About the speaker(s)

As Creative Director for UX architecture (UXA) and Design Research at the BBC, Dan Ramsden leads a team of information architects who are committed to making the BBC’s tools, content and experiences more meaningful and connected. He’s responsible for defining the professional practice of UXA at the BBC and ensuring that the organisation is creating information architecture that delivers the best possible experiences to its editors and audiences.

 

Dan has previously worked for agencies and ran a theatre company. He now designs labels, vocabularies, URLs, navigation, strategies and processes. He likes jokes, magic and making the most of moments. He also like alliterations. He lives just outside Sheffield (UK) with a wife, a child, and a cat called Rosa.


Rob Scott is a User Experience Architect for BBC Design + Engineering, currently working on UX&D’s Spatial Immersive Design team exploring how 2D digital designers transition to thinking and working spatially. Before this, he worked within BBC Education on products like BBC Food and BBC Bitesize, and spent time working on the‘Global Experience Language’. Prior to the BBC, he spent 7 years with a niche provider of meaningful travel experiences, constructing the IA for CRMs, flight booking and event management systems. He also co-organizes the VR Manchester Meetup and will talk about the difference between ‘presence’ and ‘immersion’ for hours if you let him.

Vicky is a UX Architect at the BBC, currently working on creating consistent navigation, and experience across the many tools journalists use to create content. Previously she worked at an agency helping charities organise all their complicated information into beautiful and positive user experiences, and even more previously she was a librarian. She lives in London and spends her spare time organising noisy music events and taking pictures of them.


Luisa is a User Experience Architect for BBC News, with a background in visual design and infographics. She likes when things make sense and are designed with the user in mind. She can often be heard ranting about something “that just makes no sense!” She works with UX designers and developers to deliver logical content structures, good navigations and useful interactions on responsive websites and mobile apps.

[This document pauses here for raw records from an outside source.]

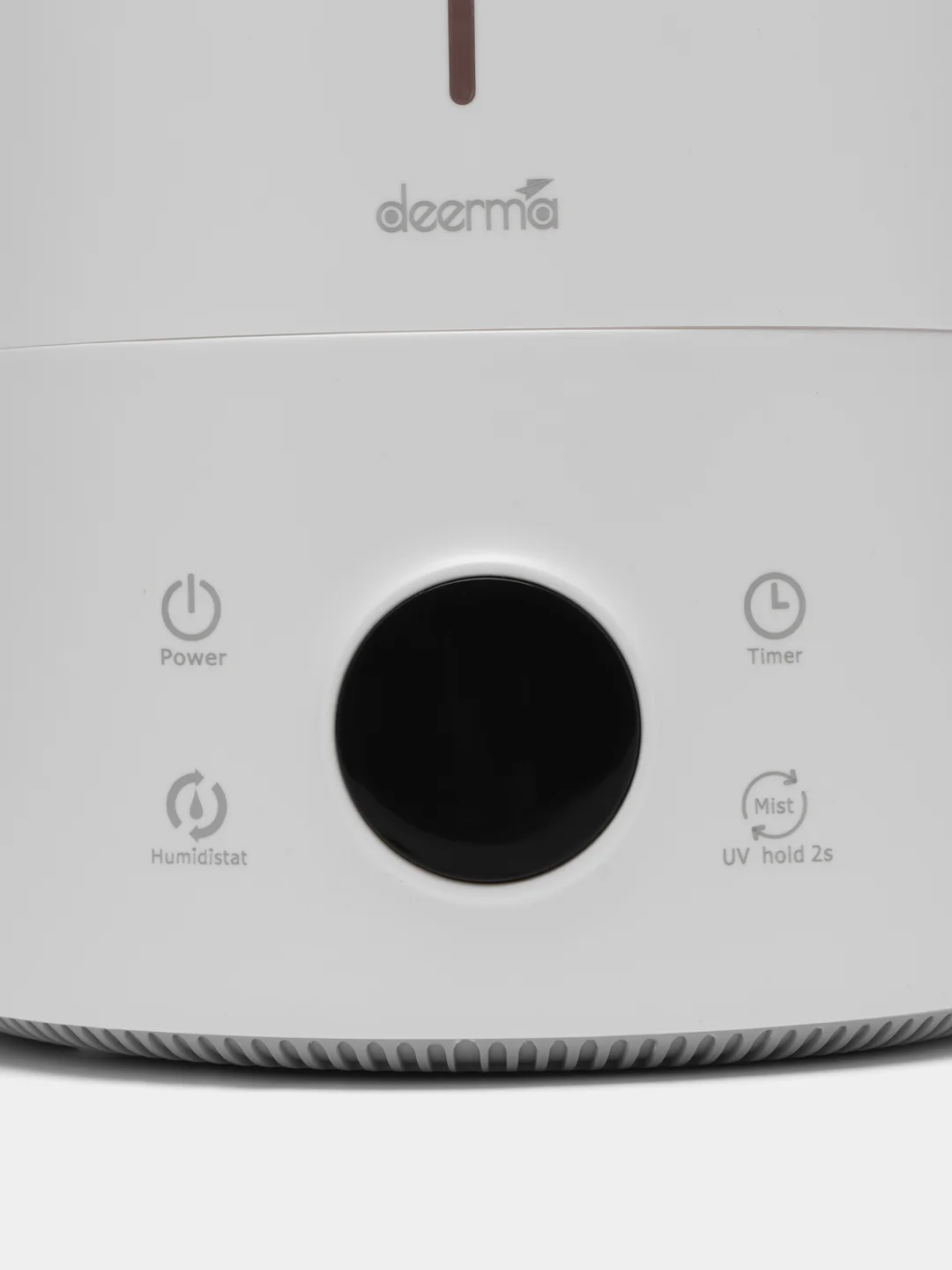 Воздухоувлажнитель Xiaomi Deerma Air Humidifier 5L DEM-F628S White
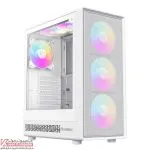 CASE-GAMEMAX-Storm2-AW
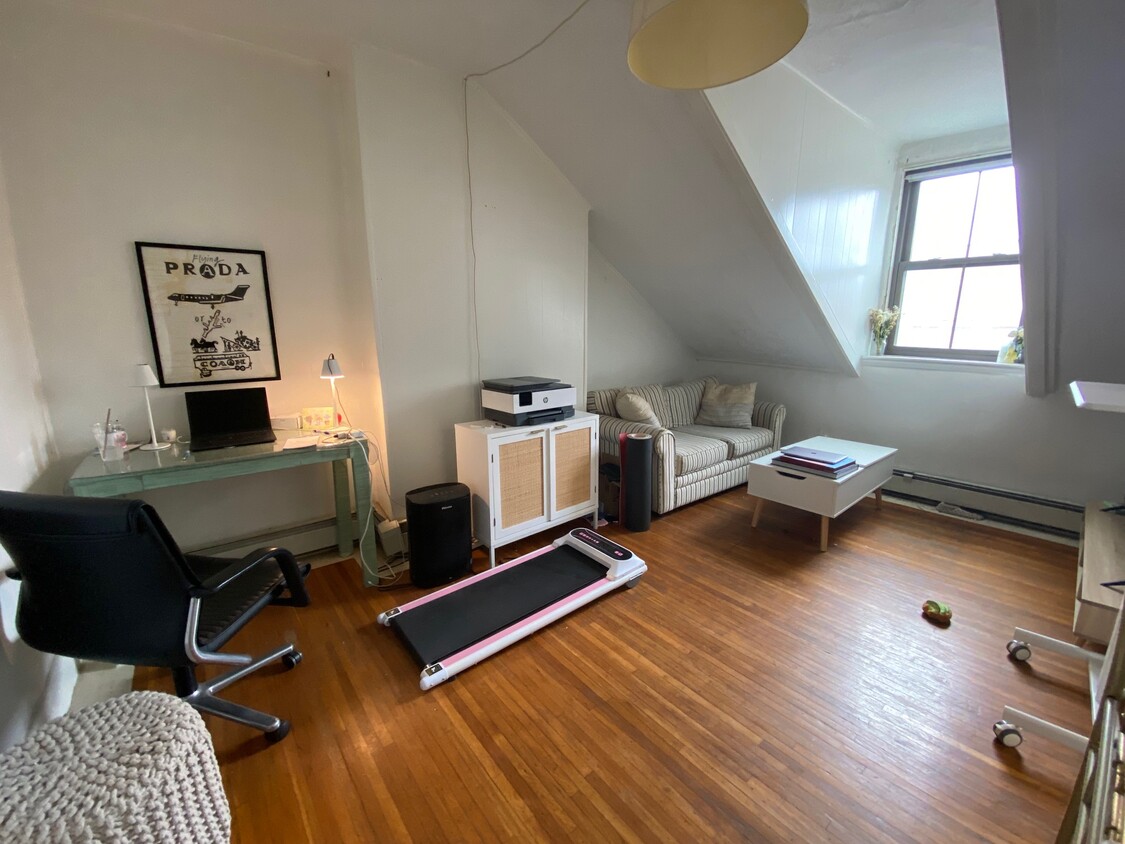 Foto principal - 69 Charles St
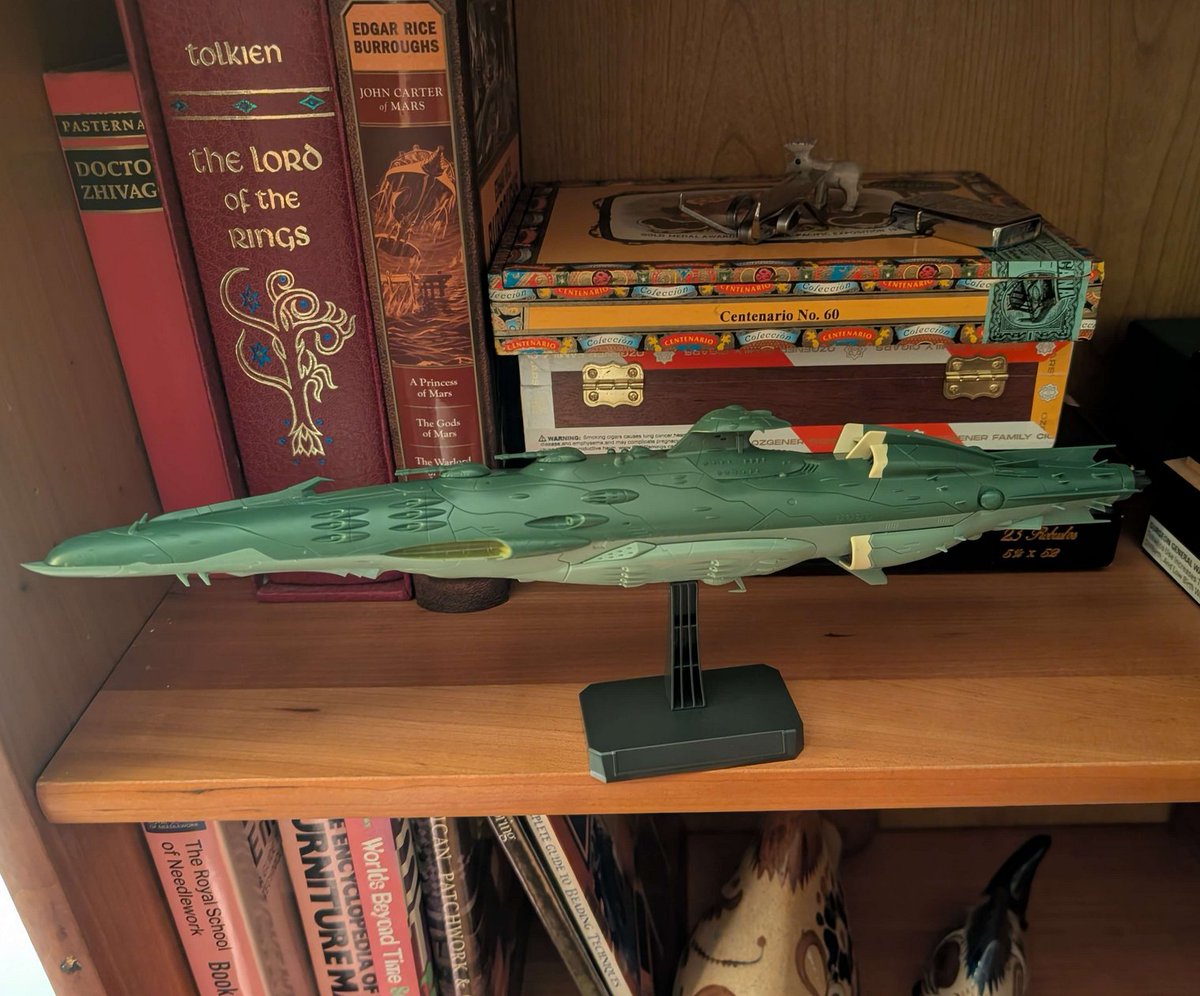 Xenopera 🔞 tweet media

Emily Heath spent the last 2 years improving navigation and content discovery across BBC Children’s ecosystem, helping kids discover more content they’ll love: from games, learning apps and quizzes, to TV shows and fan content. She’s now moved into a central UXA team working on pan-BBC projects like global navigation and URL design. Emily has been a UX architect at the BBC since 2014 and prior to this, she ran a digital agency called Exploded View. There, Emily designed and built information-rich websites for a wide range of arts organisations and SMEs. Emily has a daily yoga practice to keep her grounded and does acroyoga whenever she feels like taking off.